Damit wären andere Motivlagen vom Tisch. Zunächst hatten drei angebliche Bekennerschreiben auf einen islamistischen Terroranschlag hingedeutet. Es waren auch Schreiben aufgetaucht, die auf ein links- oder rechtradikales Motiv hinwiesen. In Dortmund wurde zudem darüber spekuliert, dass gewaltbereite Fans des Klubs für den Anschlag verantwortlich seien.

Nur eine Stunde nach dem Anschlag am 11. April legte die Europäische Fußball-Union Uefa mit Zustimmung der Vereinsführungen fest, das Spiel gegen AS Monaco müsse am darauffolgenden Tag stattfinden. Eine gezeichnete Dortmunder Mannschaft verlor mit 2:3 und eine Woche später auch das Rückspiel mit 1:3. Kapitän Marcel Schmelzer erklärte nun: Er habe die Hoffnung, "dass wir die tatsächlichen Hintergründe des Anschlags erfahren". Für alle, die im Bus gesessen hätten, "wären diese Informationen wichtig, denn sie würden den Verarbeitungsprozess deutlich erleichtern".

Reinhard Rauball, Präsident des BVB, prophezeit indessen langwierige Probleme: Das Thema werde "uns und unsere Spieler noch lange nicht loslassen.
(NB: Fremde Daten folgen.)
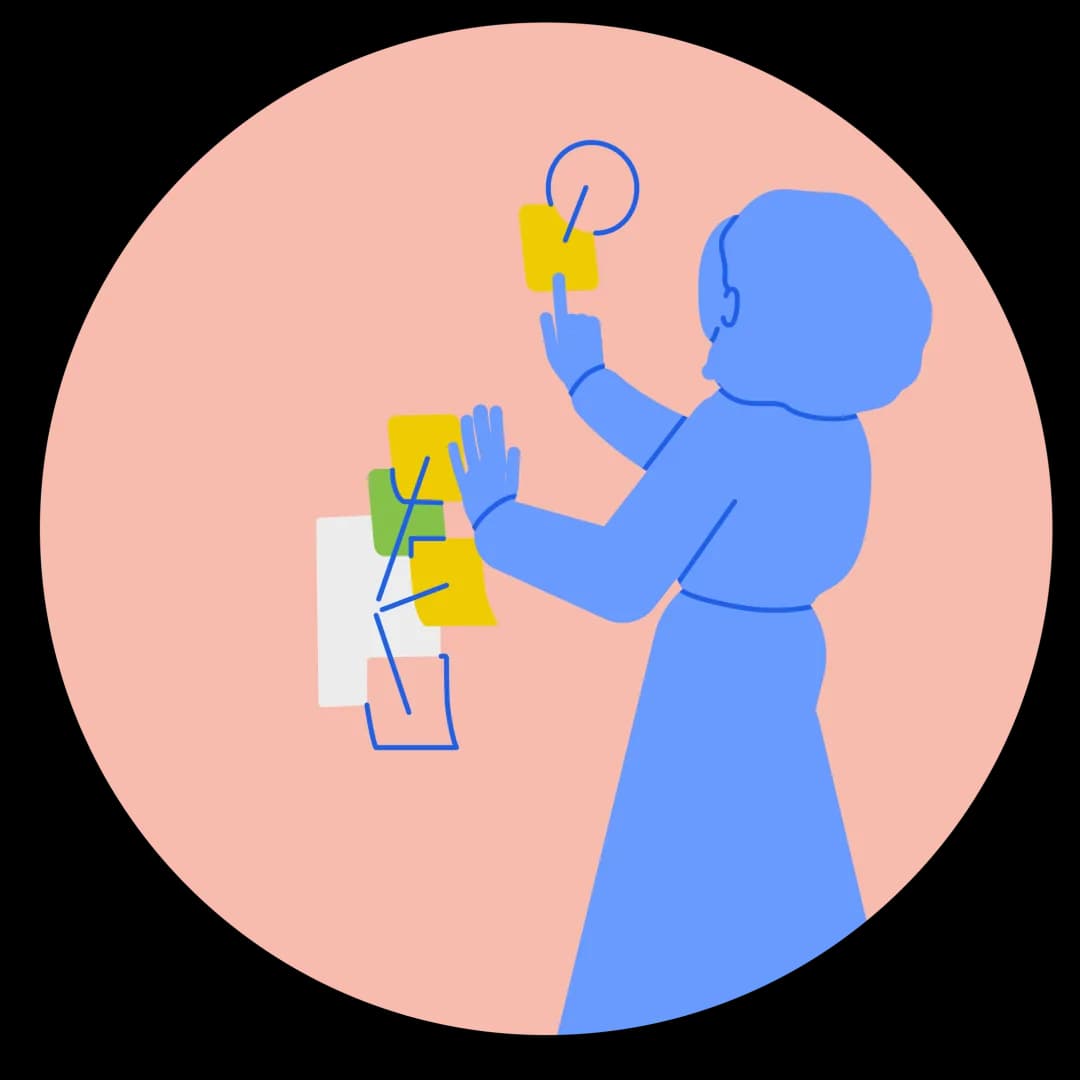 Illustration of a student planning revision with sticky notes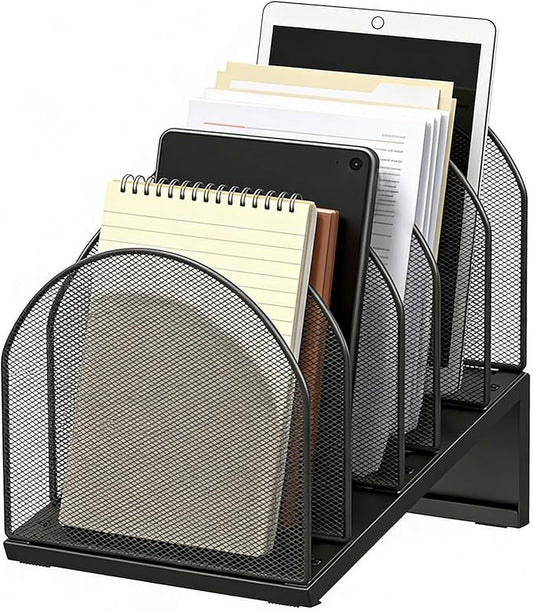 gianotter Desktop File Organizer, Desk Organizer with 5 Compartments, Paper Organizer for Desk, Workspace Organizers for Office Supplies (Black, Inclined Style)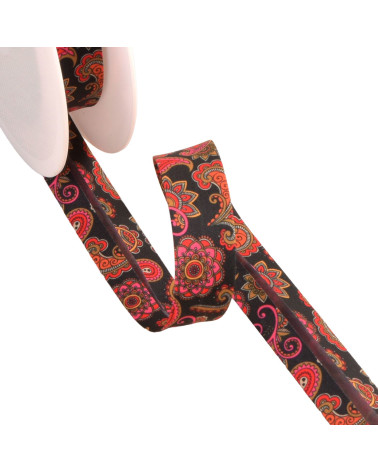 Black paisley pattern bias binding 20mm per meter made in France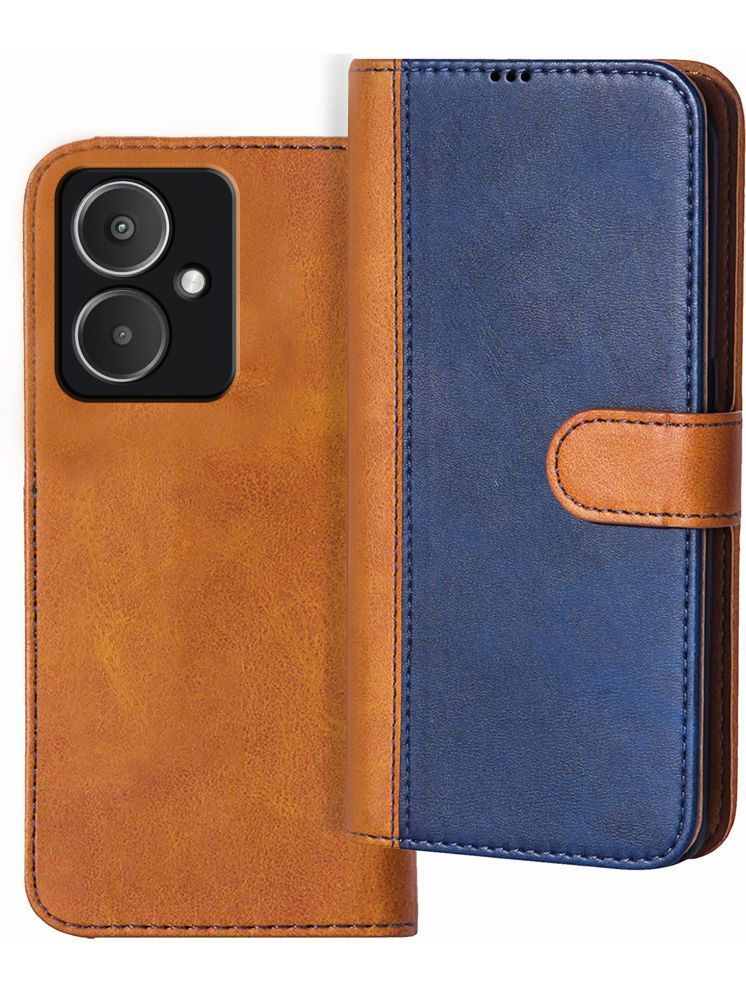     			Knotyy Brown Flip Cover Artificial Leather Compatible For Poco M6 5G ( Pack of 1 )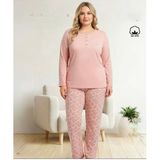 Melodi Kadın Büyük Beden %100 Pamuk Düğmeli Yaka Uzun Kollu Baharlık Pijama Takımı 17150 - 1 Adet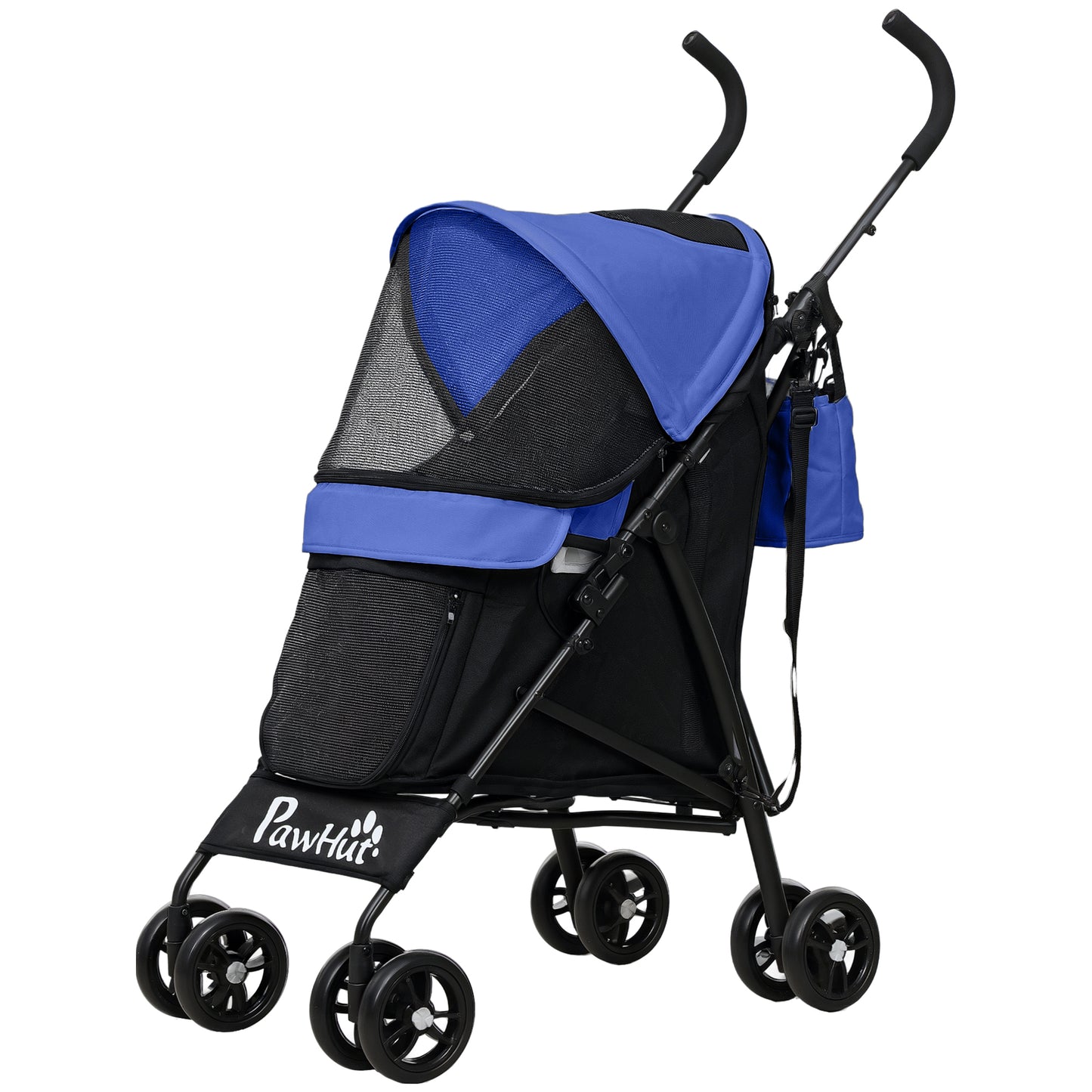 Dierenwagen – Huisdierenwagen – Hondenwagen – Kattenbuggy – Draagbare Dierenbuggy – Donkerblauw – 76 x 44 x 103 cm – 580D Oxford Stof Met Veiligheidsriem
Zum einen, weil die persönliche Betroffenheit natürlich nicht von einem Tag auf den anderen aufhört. Zum anderen, weil sich nun voraussichtlich ein gerichtliches Verfahren anschließt." Alleine deshalb werde der Verfall noch längere Zeit nicht aus der Welt sein, "gerade für unsere Spieler nicht".